Related: The Complex Relationship Between Transgender Women and Makeup

Also worth noting is that in cases like this one, the discrimination is two-pronged. “For one thing, the California civil rights law prohibits businesses from discriminating based on sex — there’s no question at all that keeping women out of barbershops is against the law — so that’s one half of this,” Ilona Turner, legal director of the Transgender Law Center in Oakland told Yahoo Beauty regarding the Trevis case when it was filed. “The law also prohibits discrimination based on gender identity and says an individual must be treated in accordance with their gender identity.”

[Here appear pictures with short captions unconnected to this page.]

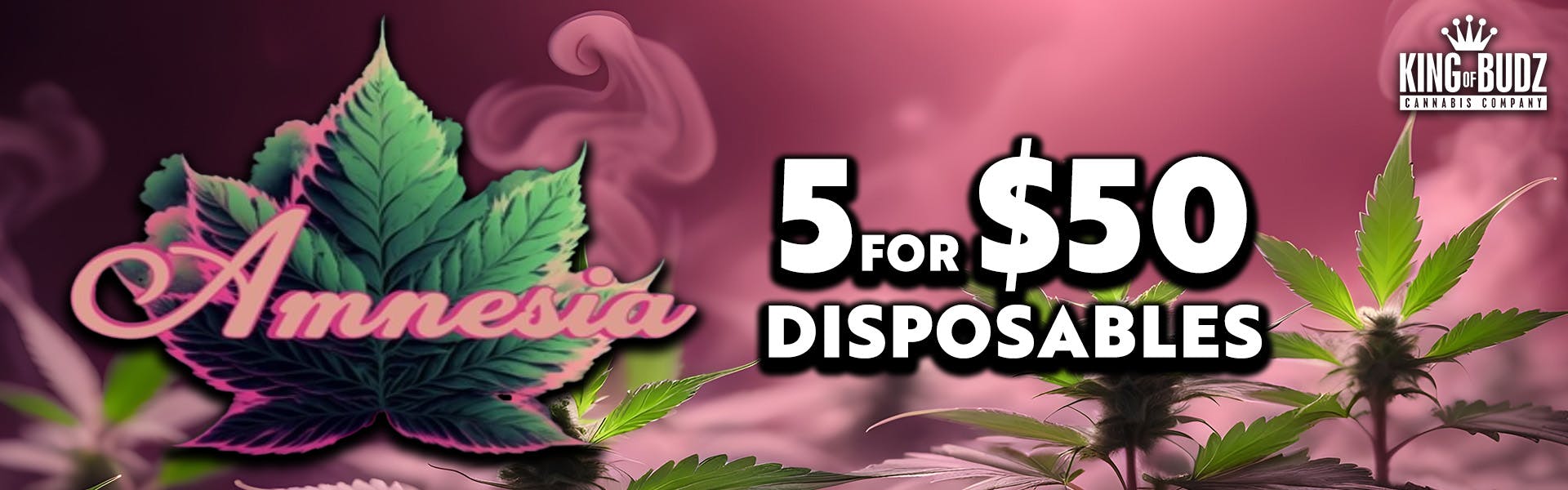 Amnesia 1G Disposables 5 For $50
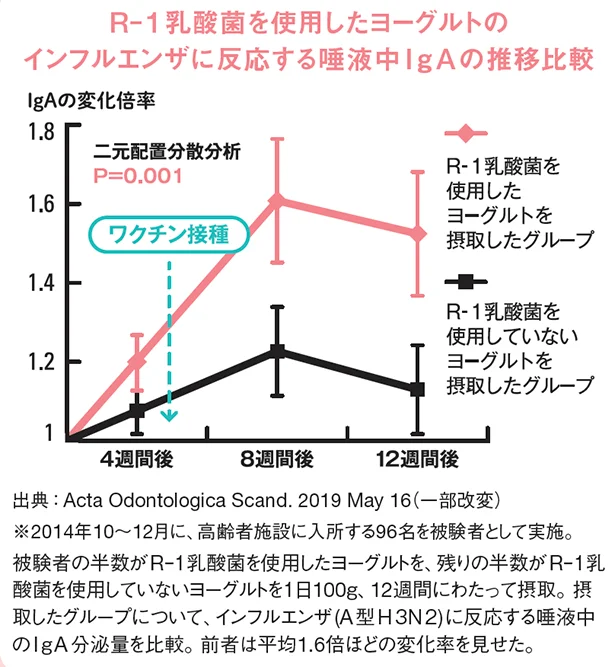 R‒1乳酸菌を使用したヨーグルトのインフルエンザに反応する唾液中IgAの推移比較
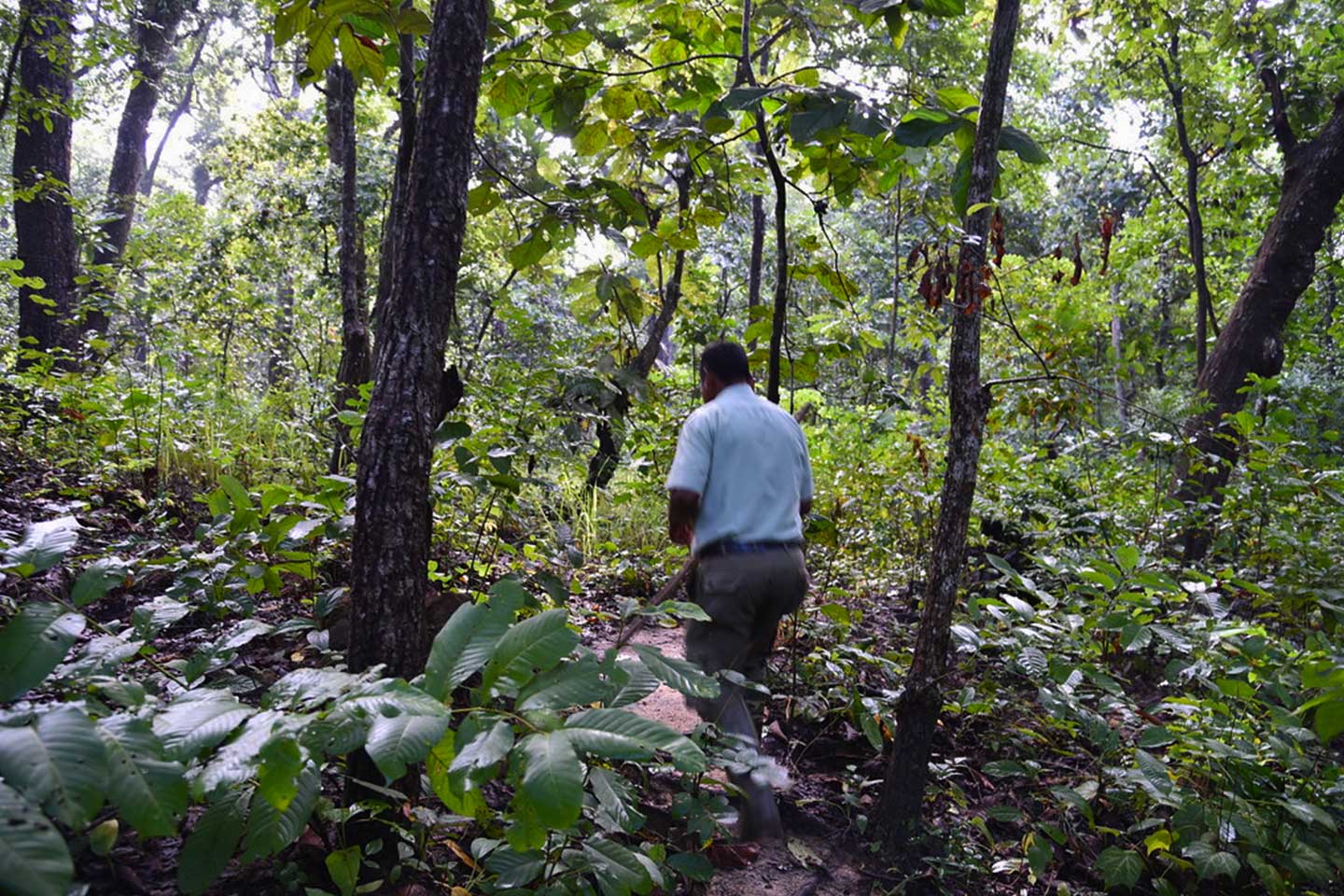 Chitwan National Park Jungle Walk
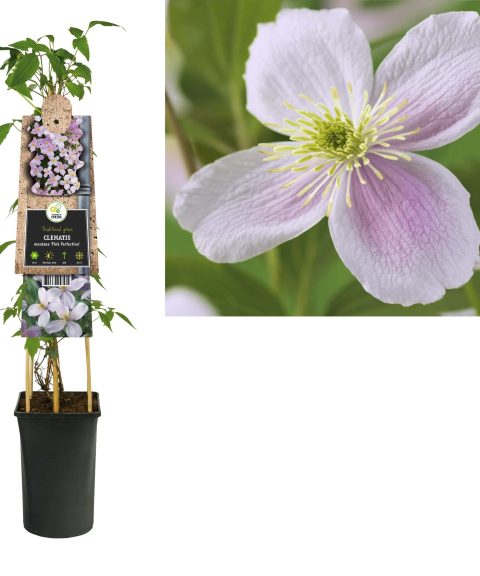 Clematis 'Pink Perfection'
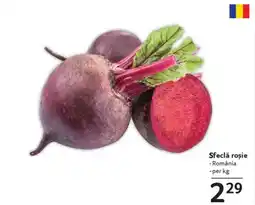 Selgros Sfeclă roşie Ofertă
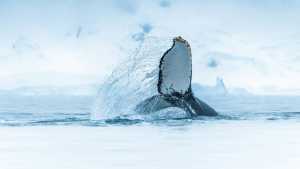 Whale in Wilhelmina Bay, Antarctica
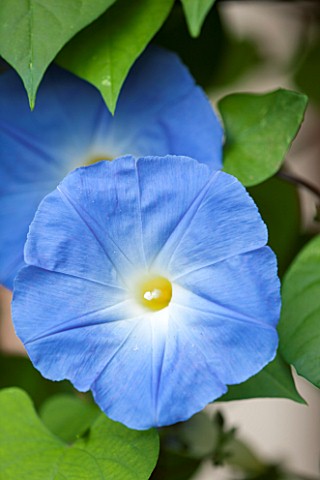 GREAT_FOSTERS_SURREY__CLOSE_UP_OF_BLUE_FLOWER_OF_IPOMOEA_TRICOLOR_HEAVENLY_BLUE__CLIMBER_AUGUST_PLAN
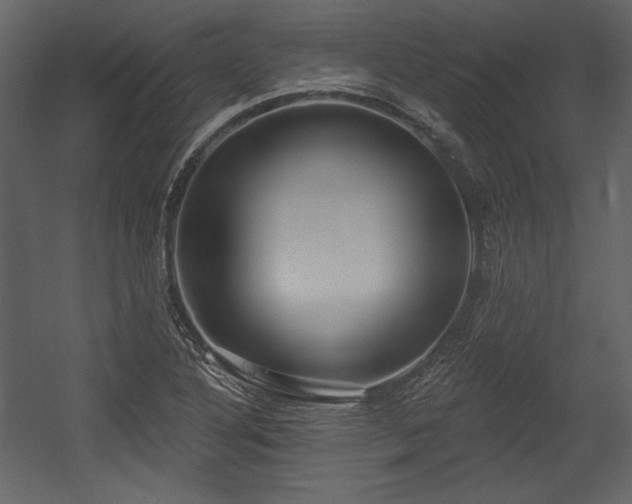 X0000054401316200508011312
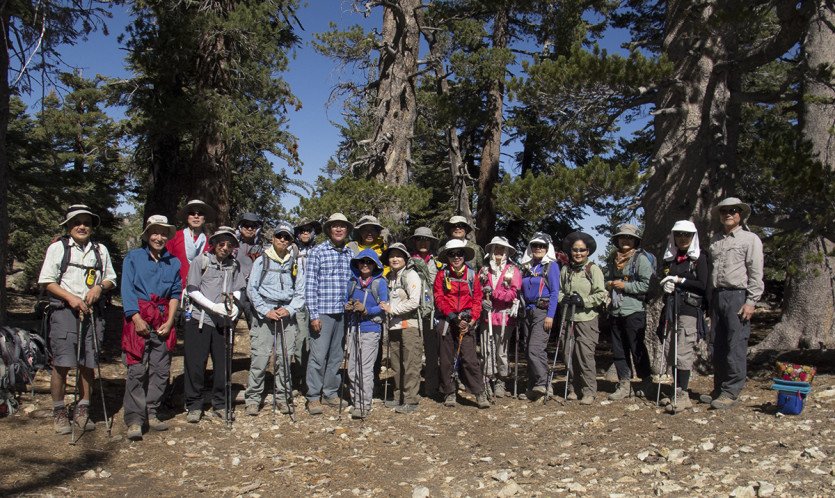 TimberC201410-1-2.jpg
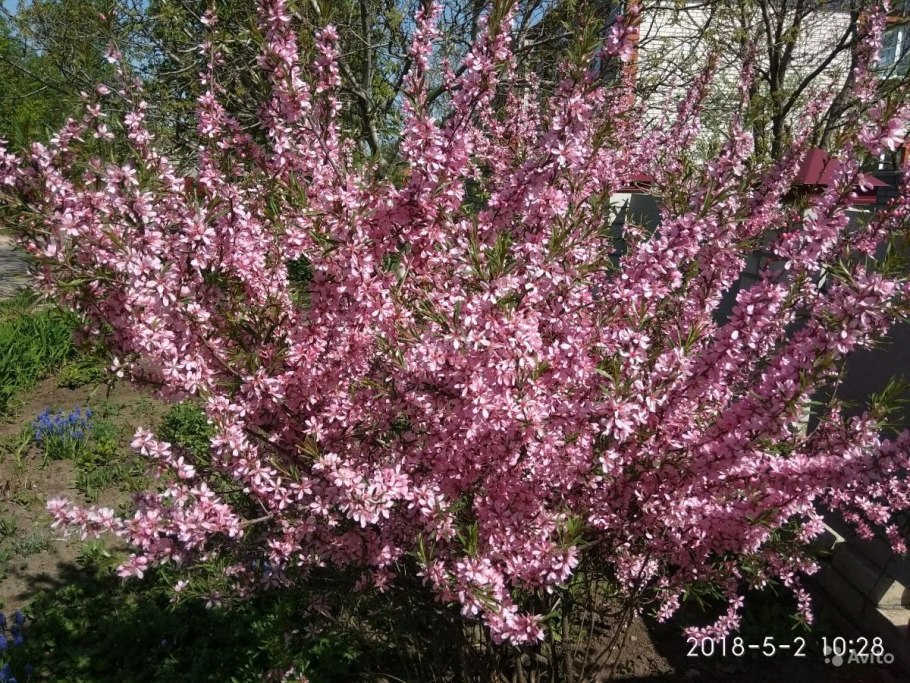 Миндаль бобовник куст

Oliver, an Army reserve sergeant who served in Afghanistan, was born female but identifies as being “more male than female,” and prefers to use gender-neutral pronouns “they,” “them,” and “their” instead of “him” or “her.” The plaintiff had recently moved to California from Colorado on the day of the alleged discriminatory incident in March. That’s when Oliver went into The Barbershop in Rancho Cucamonga for an appointment. But when barber Richard Hernandez perceived Oliver to be female, he said that he did not cut women’s hair and therefore could not carry out the haircut. Oliver later called the barbershop to explain a gender identity that was “more male than female,” but Hernandez still refused to provide his services.

Hernandez later said to reporters, “God teaches a very clear distinction between the genders,” that people should not “go against what God has created” and that “it’s a shame for a man to have long hair, but if a woman has long hair, it’s her glory.”

As Oliver noted in the Lambda Legal press release, “I was hurt and humiliated to be unable to get something as basic as a haircut, based on assumptions about who I am and expectations about who I should be. When you go for a haircut, you don’t expect your barber to police your gender. A business may think I’m going against God’s will by having short hair, but that doesn’t give it the right to act on that belief and to deny me the same service that it provides to others.”

The fact that Oliver’s gender identity may not be clear-cut or fall neatly within a male-female binary may be confusing to some, but that’s beside the point in this case, Renn tells Yahoo Beauty. “It is the case that Kendall doesn’t identify on the binary, and there are plenty of people in the same boat, as choosing one doesn’t capture who they are,” he explains. “Kendall simply said, ‘I’m here for a haircut,’ and the owner said no without any information beyond looking at Kendall. That would be harmful even if he had accurately perceived [a non-transgender woman’s] gender, in other words if Kendall were not transgender. But it’s incredibly demeaning to be told you are not what feels correct to you on the inside. So I think this case captures the different layers of harm.”

The bottom line? “Some people may not understand Kendall’s gender identity, but there’s no confusion about the fact that Kendall was discriminated against on the basis of sex,” Renn says, “no matter how you slice it.”